Now he wears the peaked cap low on his forehead and speaks lazily of the army, how he’s home, this time to stay. She leans against the round fender of her car and shifts the bag of groceries from one hip to the other. She wishes she had worn makeup, combed her hair, something, but who knew she would run into Binky Quisenberry in the A&P parking lot?

“You’re still in uniform,” she says. “Where’ve you been?”

He lights up a Lucky, his big hand curved to protect the Zippo’s flame from the wind. “Been everywhere. Been in the army since WWII. Saw action in the Ardennes. I was there, right in the thickof it, got wounded. Don’t remember how, actually. It was all a blur. I remember ducking, then an explosion. I was in the VA hospital for a while.”

“Wow,” says Lorena, eyes big.

“Hey, you wanna see something?” He pulls his shirt open, shows her something jagged and white and lumpy going over his shoulder and down his back. “Got this. Wounded in action.” Impulsively, she reaches out and runs her finger along it. It feels like cold Cream of Wheat.

“Wow,” she breathes. Her finger tingles as if she had caressed something forbidden and exotic, and she shudders with the danger of it. “Did you get hurt in Korea, too?”

“Korea?” He buttons up his shirt again. “Well, I didn’t exactly see combat in Korea. Actually, I never went to Korea, not that I didn’t want to go but I was stationed at Fort Bragg and don’t think that wasn’t a challenge, working at the PX, keeping track of the stock, not to mention the shoplifting by the enlisted men’s wives, you wouldn’t believe what went on.” He frowns. “It’s not just battle that wins the war, you know, it’s morale, too. That’s part of the war effort, don’t let anybody tell you different.”

“That’s right,” she says. “I bought war bonds.”

“I’m getting discharged this week,” he tells her around the Lucky between his lips. He takes a long drag, pulls it out, crushes it beneath his army boot. “Don’t know what I’ll be doing then. Maybe work for my dad at the auto-parts store although it’s been oh, ‘bout ten years since I worked a regular job, not service-connected, you know.”

Lorena nods, shifts the grocery bag to the other hip, combs her bangs to the side with two fingers of her free hand. As he speaks she watches his lips move beneath his carefully trimmed mustache, neat and thin, an Errol Flynn mustache that shelters smooth pink lips marred only by a fleck of tobacco stuck to the bottom one. Automatic as the miniature crane that grabs a toy in a carnival prize machine, her hand rises, plucks the tobacco from his lip, then lingers on its silken surface.

“Hey,” he says. “Hey, Lorena.” He grabs her hand and keeps it on his lips.

She is leaning against her car, one arm around the grocery bag, the other raised to Binky’s mouth. She can feel his teeth hard behind the soft lips, feels her own lips part and her tongue circle them lightly. What is she doing? She snaps her hand away, shakes it as if something clung to it, something more than just tobacco, more than the softness of pink.
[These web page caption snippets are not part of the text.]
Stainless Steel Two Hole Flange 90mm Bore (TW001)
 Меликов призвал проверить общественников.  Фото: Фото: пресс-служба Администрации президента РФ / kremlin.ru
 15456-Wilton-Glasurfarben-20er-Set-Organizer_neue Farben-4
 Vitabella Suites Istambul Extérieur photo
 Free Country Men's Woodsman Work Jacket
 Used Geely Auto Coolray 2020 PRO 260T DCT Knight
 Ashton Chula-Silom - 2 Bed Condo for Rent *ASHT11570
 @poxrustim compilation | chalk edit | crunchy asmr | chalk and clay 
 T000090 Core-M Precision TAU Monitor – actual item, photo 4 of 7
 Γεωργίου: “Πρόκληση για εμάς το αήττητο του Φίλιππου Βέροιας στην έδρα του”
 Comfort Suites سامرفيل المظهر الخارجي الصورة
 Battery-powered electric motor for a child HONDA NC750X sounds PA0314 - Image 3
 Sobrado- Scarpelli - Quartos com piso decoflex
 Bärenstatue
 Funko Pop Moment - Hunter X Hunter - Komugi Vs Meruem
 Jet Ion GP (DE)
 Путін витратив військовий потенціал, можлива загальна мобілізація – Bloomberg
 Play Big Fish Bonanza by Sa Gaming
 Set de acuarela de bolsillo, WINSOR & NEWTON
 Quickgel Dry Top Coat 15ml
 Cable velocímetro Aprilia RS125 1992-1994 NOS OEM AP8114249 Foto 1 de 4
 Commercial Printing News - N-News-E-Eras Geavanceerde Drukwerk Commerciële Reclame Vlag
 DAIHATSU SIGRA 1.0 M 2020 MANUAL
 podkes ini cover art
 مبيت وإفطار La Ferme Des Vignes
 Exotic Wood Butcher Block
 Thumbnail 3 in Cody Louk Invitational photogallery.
“I’ve gotta go,” she says.

“Where?”

“I’ve gotta get gas,” she says, ignoring his laugh. She flings the car door open, throws the groceries inside. “Gotta run.” She starts the car, grinds the gears as she backs out of the space. She doesn’t want to look at him.

“Hey, Lorena.” Binky follows her, bending his head to talk to her through the window. “Can I see you again?”

She shakes her head no. “I’m married,” she says, and shifts forward into first. The car shrieks, shudders, stops dead.

“Married?”

She nods.

“Who’d ya marry?”

“Pete. Pete Palmer.” She starts the car up again and yells over its sputter, “You don’t know him. He graduated a couple of years before us.”

She can see him in her rearview mirror as she pulls away. He stands at ease, in his uniform. When she gets home, she remembers she forgot to get gas.